NATO MADRİD ZİRVESİNE HAZIRLANIRKEN
2022 Haziran ayında Madrid’te düzenlenecek NATO Zirvesine iki ay kaldı. İttifakın on yıllık geleceğine yön verecek yeni Stratejik Konseptin (STKON) kabul edileceği bu Zirve küresel güvenliğin kökten dönüşüme uğradığı çok kritik bir dönemeçte gerçekleşecek. Rusya’nın Ukrayna’ya karşı giriştiği işgalin ne yöne evrilebileceğini kestirmenin kolay olmadığı bir süreçte Batı dünyası için kritik bir dönüm noktasına sahne olacak.

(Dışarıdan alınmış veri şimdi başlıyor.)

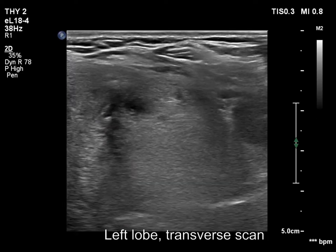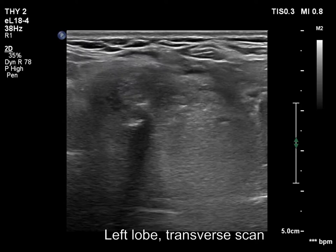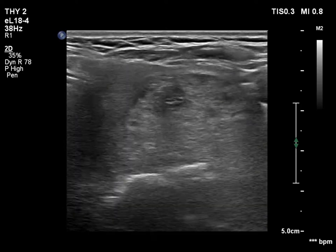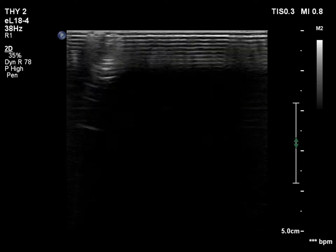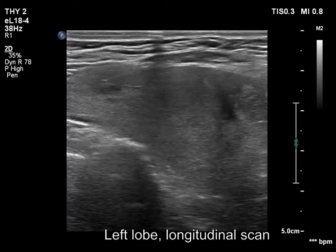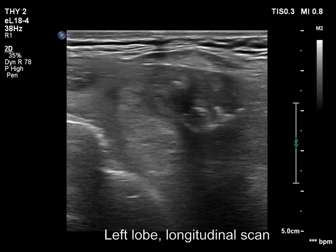Now, we decrease the harmonization and change the focus and depth in order to visualize better the dorsal part of the lobe.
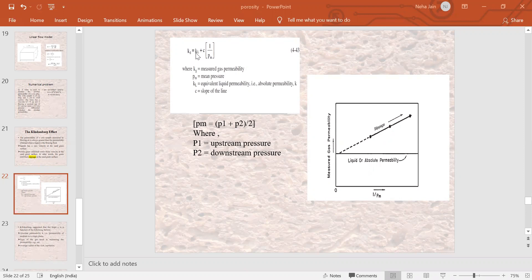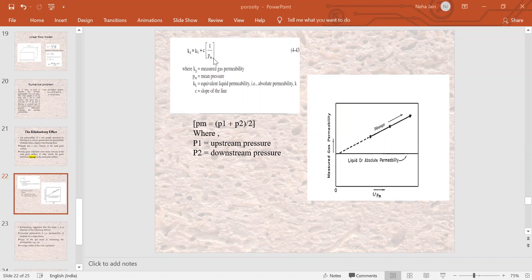This is a linear relationship — a straight line. If we plot a graph with Kg on the Y-axis and the reciprocal of mean pressure (1/Pm) on the X-axis, we get a straight line. This linear relationship shows that your liquid permeability KL is the constant intercept on the Y-axis.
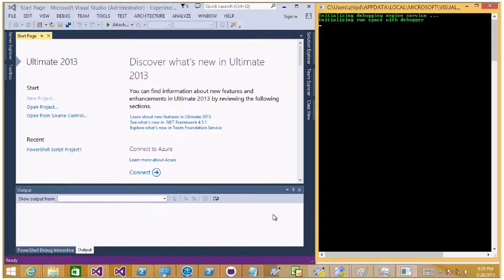Hi there. Today I'm going to show you a quick demo about the local debugging experience of the PowerShell tools in Visual Studio. In order to support the DSC executions from our PowerShell tools, which requires the 64-bit PowerShell runspace, we host our PowerShell runspace and PowerShell debugger outside of the process of Visual Studio.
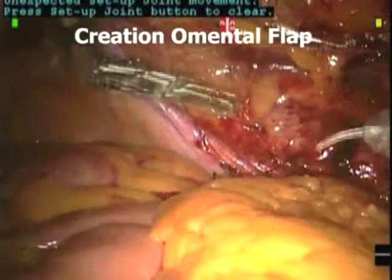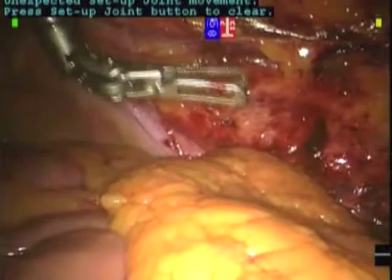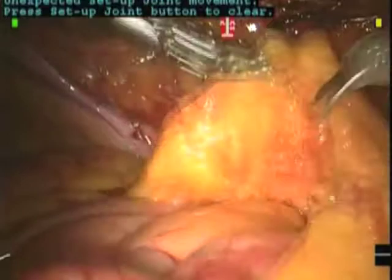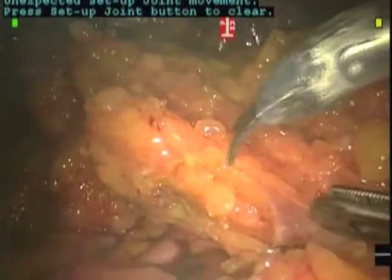At this point in the video we are back to the initial operation. We are creating the omental flap. We switch our instruments to left hand pro-grasper, right hand hot shears. The entire flap usually can be made with these two instruments especially with magnification. However, when necessary, we will use our harmonic scalpel or an atlas ligature to perform the creation of the omental flap and get through the vasculature.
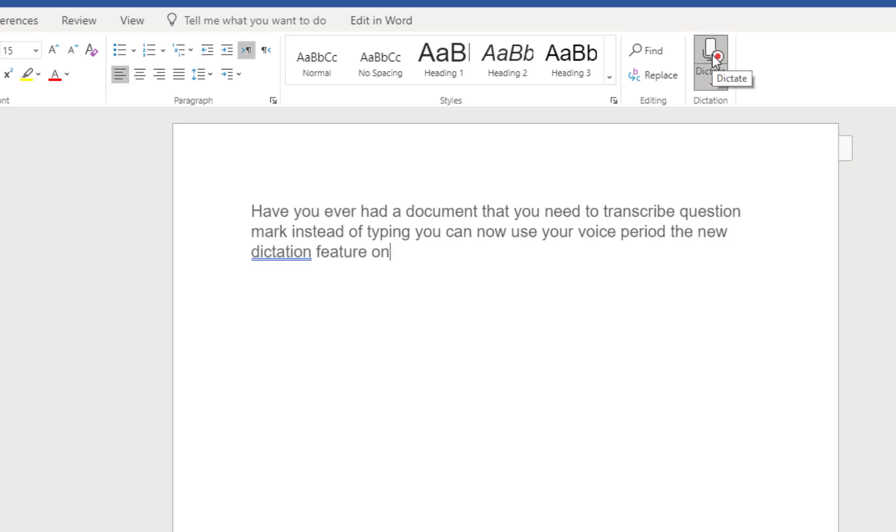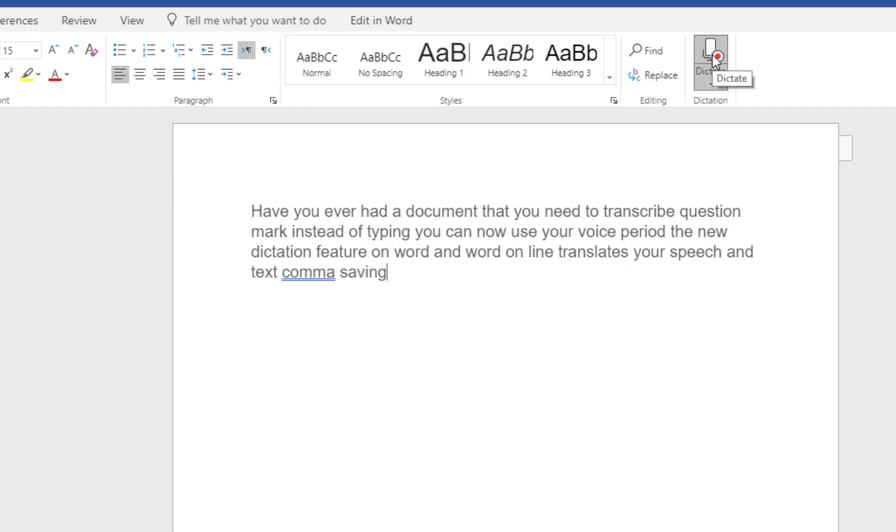The new dictation feature on Word and Word Online translates your speech into text, comma, saving both you and your fingers a lot of time. Period.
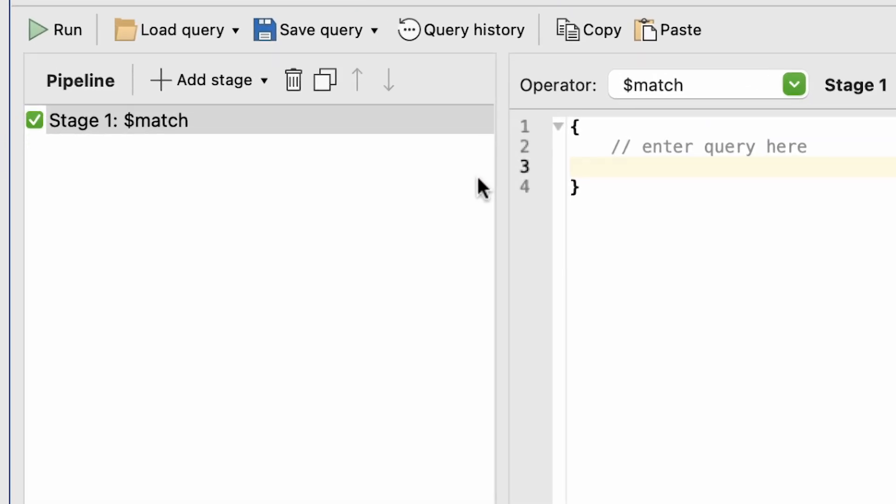As we can see, the first stage of our query is automatically generated. By default, Studio 3T creates one with a dollar match operator.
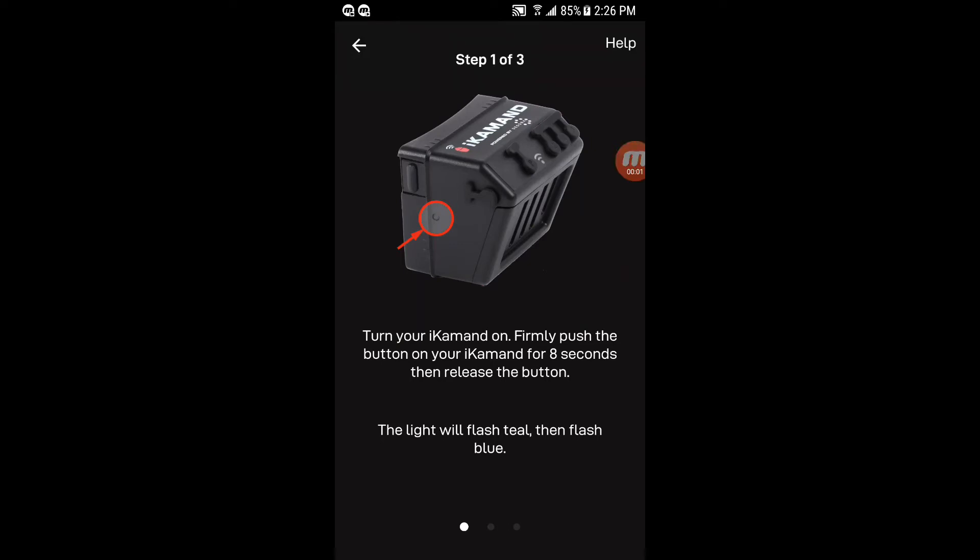Alright guys, I'm going to show you the iCommand app. I'm actually using the Android app.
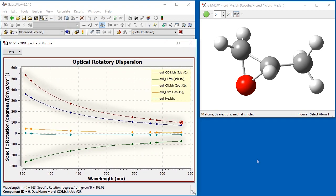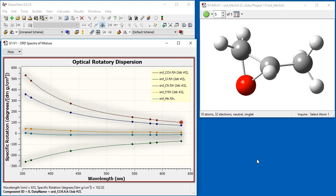Opening the mixture spectra shows the results for all five molecules on the same graph. For three of the substituents, the absolute value of the specific rotation decreases with increasing incident light wavelength. For the other two substituents, there is much less variation.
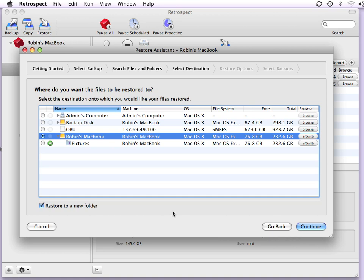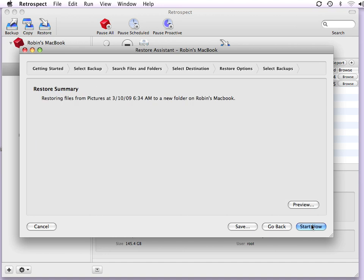This will create a new folder on the destination disk with the same name as my media set, and inside that folder will be the actual items I've told the software to recover. I click on continue, and then I click on start now. Retrospect will then begin the restore process.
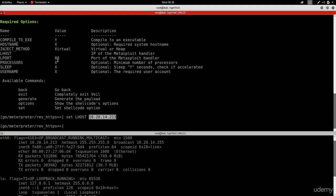The lport is set to 80 by default, which is good because that's what web servers use - the connection won't look suspicious. However, I'll change it to 8080, another web server port, since I'll have a web server running on port 80. Do set lport 8080 the same way we set lhost.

An itibariyle ne medyada ne de akademi dünyasında Türkiye’nin mensup olduğu NATO’nun geleceğini tayin edecek hayati önemdeki STKON’la ilgili olarak henüz doyurucu bir haber-yorum veya analize rastlanmıyor. Başta ekonomik güçlükler olmak üzere günlük gailelerin damga vurduğu mevcut iç ortamda olağan karşılanması gerekli bu konudaki duyarsızlığın Zirve yaklaştıkça yerini bir hareketlenmeye bırakacağı aşikar. Öte yandan, özellikle transatlantik dünya ve küresel gündem açısından hiyerarşik olarak en önemli belgelerin başında gelen STKON’un neyi simgelediği ve olası içeriği Türkiye’nin yakından izlemesi gerekli bir süreç oluşturmakta.

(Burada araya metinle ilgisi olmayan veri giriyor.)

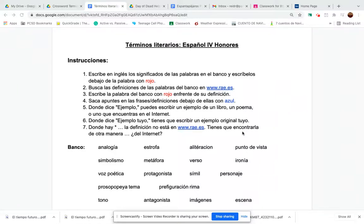Hola, estudiantes. So we're going a little bit of a different direction than with the textbook. We're still doing the textbook — we're going to wrap up unit one and move on to unit two, which is called La Creatividad, Creativity.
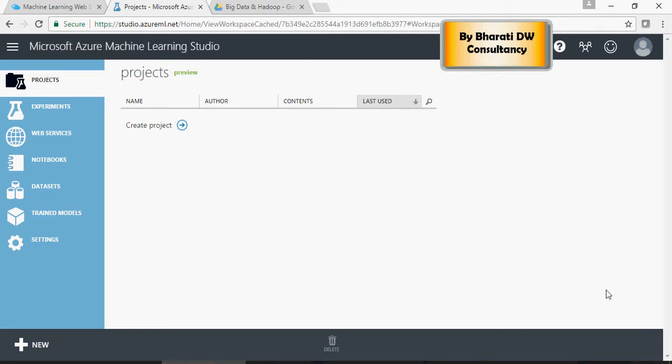In the last video, we saw how to get to Microsoft Azure Machine Learning Studio. In this video, we are going to get some data loaded and create some machine learning experiments on the platform. So let's get started.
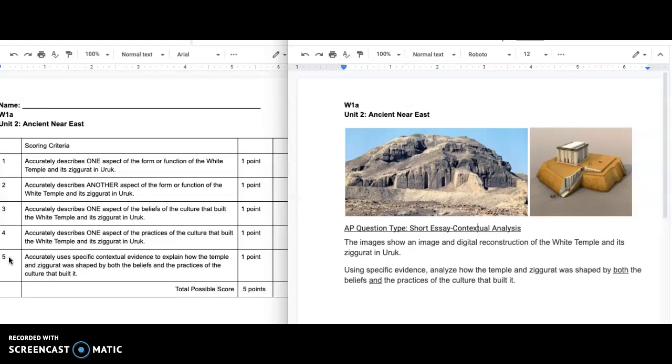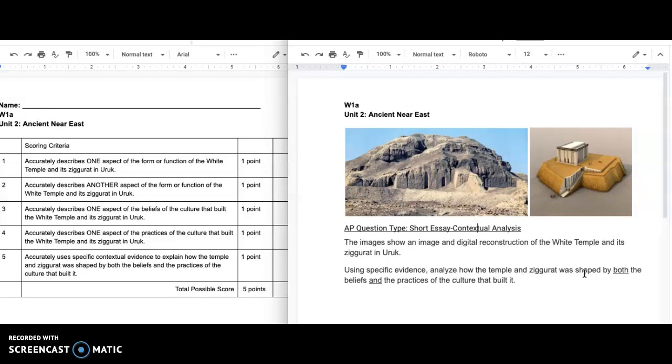One type of exam question is a contextual analysis, a short essay contextual analysis. This week we learned about the white temple and Ziggurat at Uruk. They're telling you what it is, so you don't necessarily need to identify. Instead they're going to ask you, using specific evidence, analyze how the temple and Ziggurat was shaped by both the beliefs and the practices of the culture that built it.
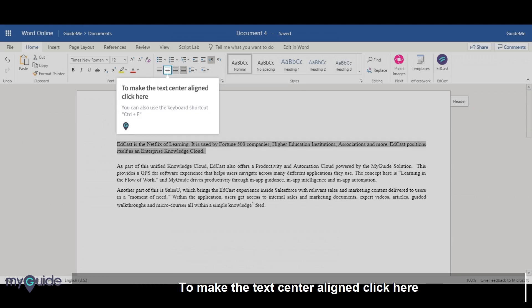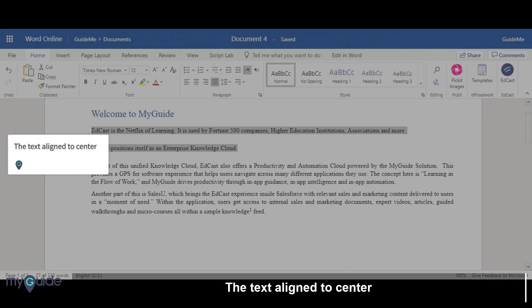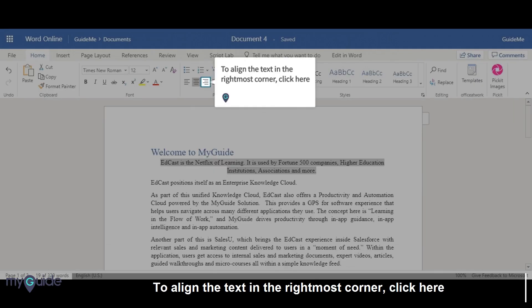To make the text center aligned, click here. You can also use the keyboard shortcut Ctrl plus E. The text is now aligned to center. To align the text in the rightmost corner, click here.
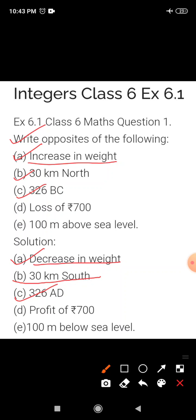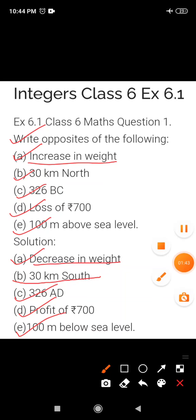Next, D is loss of Rs. 700. Now opposite of loss is profit. So its answer is profit of Rs. 700. Next E, 100 m above sea level. Now here the opposite of above is below. So its answer is 100 m below sea level. This completes question number 1.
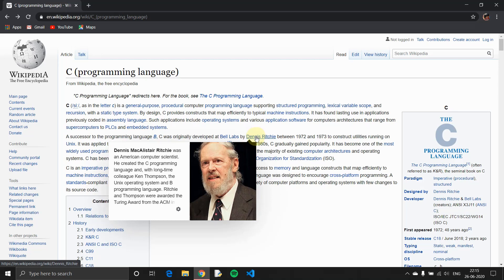So, guys — share, like, subscribe, and press the bell icon so you can see the next video. Happy coding!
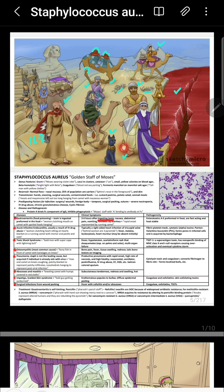The coagulase actually helps in the formation of abscesses. Coagulase forms a coagulum and walls off the infection so that neutrophils cannot invade the site of infection. This walling-off effect leads to the formation of an abscess.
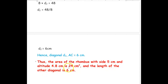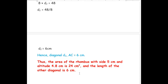Thus we can conclude: the area of the rhombus with side 5 cm and altitude 4.8 cm is 24 square centimeters, and the length of the unknown diagonal is 6 cm. We have used two formulas: area = base × height (treating the rhombus as a parallelogram), and area = half × d1 × d2. For any other quadrilateral, we can split it into triangles and sum their areas. Thank you for watching the video.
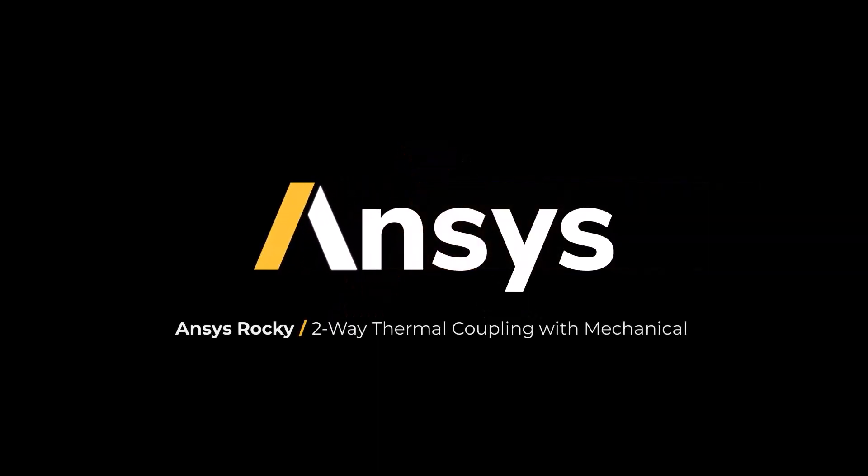In this video, we will guide you through a two-way thermal coupling between Rocky and Mechanical using system coupling.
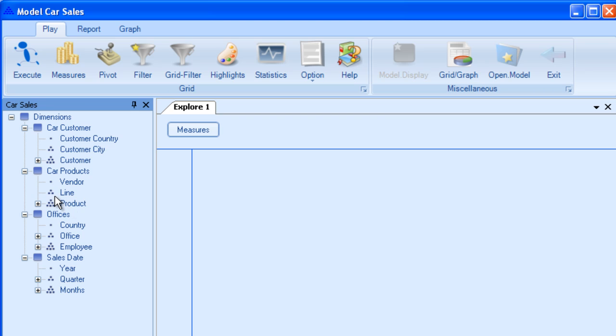The product is the unique dimension element as in a single line of cars may have many products but a particular product doesn't have any multiple sub-products. The car sales company would load in the dimension car products as a list of all the products the company has.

STRATEJİK KONSEPT NEYİN TEMSİLCİSİ?
STKON, her şeyden önce çoğulculuğa ve kuvvetler ayrılığına dayalı, temel insan hak ve hürriyetlerine saygılı ve hukuk devleti normlarını benimsemiş demokratik ülkeler için ana bir rehber oluşturacak.

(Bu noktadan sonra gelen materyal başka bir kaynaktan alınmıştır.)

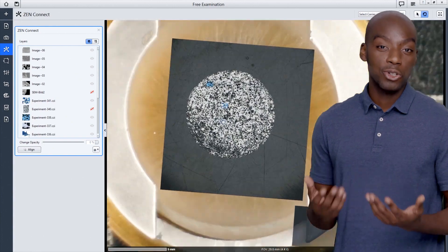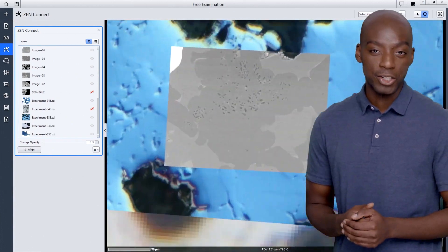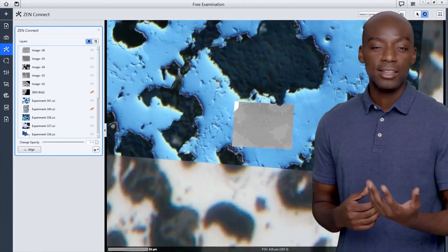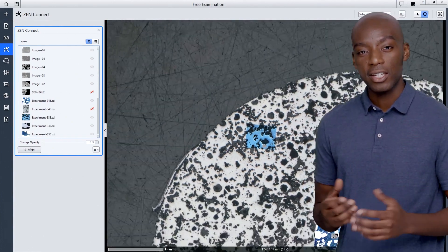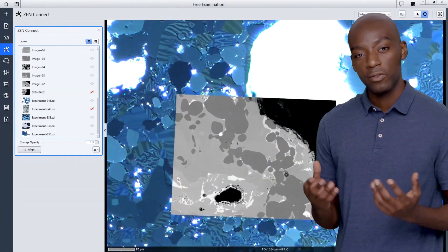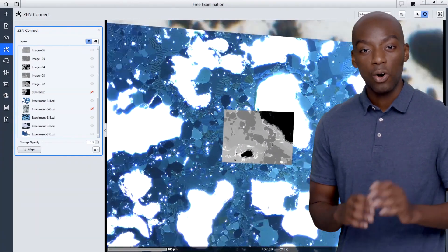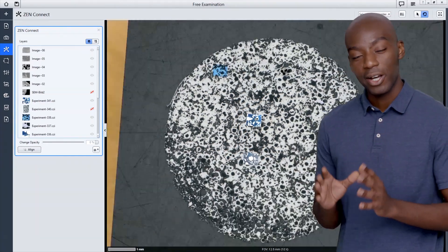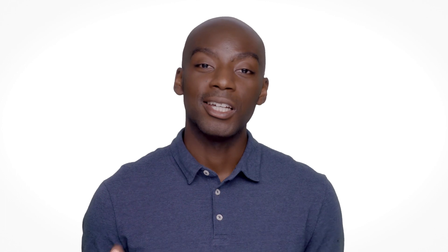Let all the users in your lab contribute to the examination. Let them easily navigate to the area of interest and information they're looking for, while keeping track of the entire sample. In short, with ZenConnect you stop focusing on systems and focus on your sample analysis.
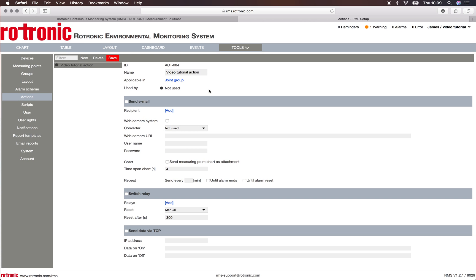So what are the various actions that we can trigger? We can trigger an email that can be sent. We can trigger a switch relay, and we can trigger sending data via TCP.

2019 Aralık ayında düzenlenen NATO Londra Zirvesinde başlatılan süreç doğrultusunda İttifakın siyasi boyutunu güçlendirmeye dönük arayış ilk meyvesini uzun bir uğraş sonunda 2020 yılında verdi. Bağımsız bir Uzmanlar Grubu, NATO’nun yeni STKON’na esas oluşturacak NATO 2030: Yeni Bir Çağ İçin Birliktelik Raporu’nu hazırladı. Bu rapor geçen yıl Haziran ayında düzenlenen NATO Zirvesinde Liderler düzeyinde ele alındı ve onaylandı. Şimdi sıra bu Rapor temelinde yeni STKON’un hazırlanıp, onay için yine liderlere sunulmasına geldi.
Ukrayna’da süregiden savaş halen küresel gündemin ana odak noktası durumunda. Diğer taraftan, bu durumun, 2008’den bu yana sahada vücud bulan, 2022 Şubat ayıyla birlikte zirve yapan Rusya’nın saldırgan tutumuna rağmen NATO bünyesinde STKON’a ilişkin olarak yapılan çalışmaları köstekleyen değil, tam tersine hızlandıran bir tabloyu ortaya çıkarttığını tahmin etmek kehanet oluşturmaz.
STRATEJİK KONSEPT BAŞLICA NELERİ KAPSAYABİLİR?
Yapılmakta olan çalışmaların son aşamalarında yeni STKON için dönemin ruhuna uygun bir başlık bulmak gerekecek. Bu bağlamda, yeni STKON’nun başlık adayları arasında ‘Yeni Güvenlik Mimarisinde NATO’nun Rolü’ mealinde bir tercihte bulunulabilir.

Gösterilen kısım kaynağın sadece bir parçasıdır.